I mentioned earlier the plight of hive number three, well, sadly they didn’t make it. The bright side though is that now I have a spare hive to experiment with and I intend to put this increased spacing of the brood frames to the test. So how best to achieve the new spacing. Ideally I suppose, one would commission a number of frames made to the new specifications but I’m looking for a way which, A, I can afford and B, which can easily be reversed if required. I first experimented with pins driven into the edges of the frames to a depth of 3 mm but on reflection have decided against that thinking the bees would quickly propolise them and that they would be unduly restrictive. Instead, have gone with pins in the brood walls. Hopefully my pic’s will describe more aptly what I’m trying to do.

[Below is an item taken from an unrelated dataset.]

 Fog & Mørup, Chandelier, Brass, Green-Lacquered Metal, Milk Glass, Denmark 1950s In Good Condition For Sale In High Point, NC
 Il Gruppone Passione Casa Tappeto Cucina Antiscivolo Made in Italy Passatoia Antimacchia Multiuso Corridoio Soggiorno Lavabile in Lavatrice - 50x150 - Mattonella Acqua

So, this is how I’m going to configure the revised spacings in the new hive, I have no idea whether it will work or if indeed it will make any significant difference but I intend to give it a try. I am convinced that stress is a significant factor in the well being of our bees and I urge you to give it some thought.

It’s the middle of April now and I still haven’t had my first full hive inspection, everything seems to be running about a month late. Having an empty hive now did however give me the opportunity to change all the floors, although under normal circumstances, this would have been carried out in March. With the spare floor from the empty hive, this having been cleaned and scoured with a blow torch, it was a quick and simple task to perform. The spare floor was placed alongside hive 1 with the entrance facing the same way. The hive was then lifted onto the new floor and was then slid back to it’s original position. That floor then received the same treatment before being given to hive 2 and so on. The whole operation took less than half an hour and I don’t suppose the bees were even aware that it had taken place. Lifting the hives onto their new floors also gave me an indication as to their stores levels. 1 and 7 were a little light and were given syrup. I was pleased to have got the floors sorted out, as I said, this would normally have been done weeks earlier but, “better late than never” I suppose. I was also pleased to see that in the main, they were clean with no more corpses present than one would expect. With the weather still so unpredictable, I took the decision to put off a full inspection a little longer. The condition of the floors and the fact that the bees were flying on all but the worst of days suggested that things were moving along reasonably well inside the hives and this further re-enforced my decision to hold back my first full inspection.